Ravenswood was thinking.
“He’s vain,” Hester went on, leaning forward a little further. “He thinks he’s cleverer than all of us—you,” she amended quickly. “He thinks Celia is stupid. Inferior. And he wants the world to think he and Kate were idyllically happy, that she adored him. You’ve got to be able to make something of that. Trip him up. Once will be enough. If you don’t, not only will he get away with it, but the good people—and Hooper is good, really good—will suffer. Celia may even get killed, too,” she reiterated. “You—”
Ravenswood held up his hand. “I understand, Mrs. Monk.” There was a very faint smile on his lips. He turned to Monk. “Are you prepared to work all night?”
“Yes,” Monk said immediately.
“Of course,” Hester agreed.
Ravenswood looked slightly taken aback. He started to speak, but she cut across him.
“I was with Miss Nightingale in the Crimea,” she said simply. She saw in his face that it was enough. She did not ask whether he had lost anybody he loved in that senseless and bloody war. Everyone knew Florence Nightingale’s name.
“Very well,” he said with a new respect in his voice. “We need to find this man Fisk, which should not be difficult if he works for Runcorn. And if we are to save Hooper, then we need to find the survivors of the Ledburn family. If possible, one of them may tell the truth about the captain, or at least enough of it to substantiate what Fisk and Hooper say of events. And we must persua
de Miss Darwin to amend her testimony, regardless of what it costs her. That may not be easy. She will be admitting she lied to protect a man she loves, who has made no such commitment to her. Rathbone will not like doing it, and he will have to attempt to destroy her credibility. And that will involve embarrassing her profoundly, humiliating her even.” He looked from one to the other of them.

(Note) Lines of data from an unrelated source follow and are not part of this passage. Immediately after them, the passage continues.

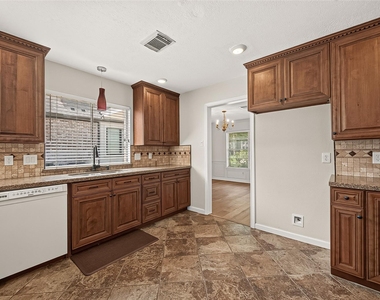 12411 Pinerock Lane - Photo Thumbnail 21
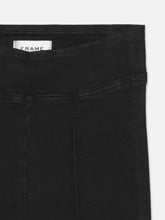 Load image into Gallery viewer, FRAME The Jetset Flare Pintuck - Sheen Noir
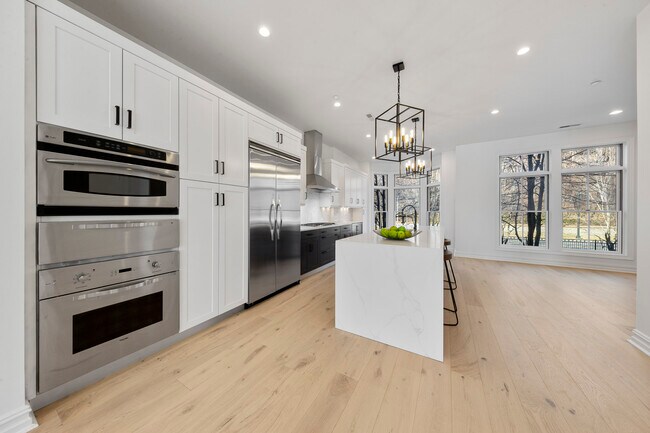 Building Photo - 11 Regency Pl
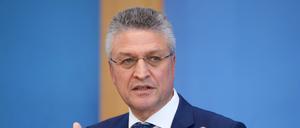 ARCHIV - 03.11.2021, Berlin: Lothar H. Wieler, Präsident des Robert Koch Institut (RKI), äußert sich in einer Pressekonferenz u.a. zu Auffrischungs-Impfungen gegen Corona, in der Bundespressekonferenz. (zu dpa: «RKI-Chef Wieler: «Wir waren noch nie so beunruhigt»») Foto: Kay Nietfeld/dpa +++ dpa-Bildfunk +++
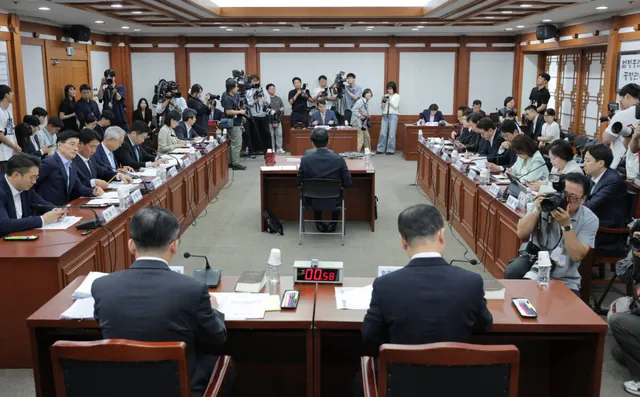 선관위 "잠실 투표용지 247만장, 이송 전 검증에 9시간·5천만원 필요"

중앙선거관리위원회가 서울 송파구 잠실 올림픽공원 개표소에 보관 중인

Monk turned to Hester. “Would she do that?”
“We must give her that choice,” Hester replied. “We have no right to make it for her.”
“She may not realize—” Ravenswood began.
“It is very gracious of men to protect us,” Hester snapped. “It is also extremely condescending. We would like the dignity of making our own decisions.”
“Even if they are wrong?” Ravenswood said quite gently.
She gave a tiny shrug. “I am tempted to say that we are never wrong. Which would be ridiculous. All of us are wrong at times. Even men! But you never grow up if you are treated like a child and someone else makes all your big decisions for you.”
“She may pay very…” Monk started to argue, then saw the expression in her eyes and decided it would be time wasted. Time they could not afford.
“We will work all night,” she said firmly. “Where do you wish to begin?”
* * *
—
WHEN MONK AND HESTER arrived in the court the following morning, Ravenswood was already in his seat, but he looked haggard, with deep circles under his eyes. Monk knew that he could not have had more than an hour and a half of sleep, if that.
Rathbone looked his usual self, except with extra energy, because he was on the brink of victory in a case he had expected to lose.
Monk felt a stab of guilt so deep it was almost physical. But to have warned Rathbone would have compromised him in a way that lasted far longer than the brief pain of losing this battle—if that could be brought about!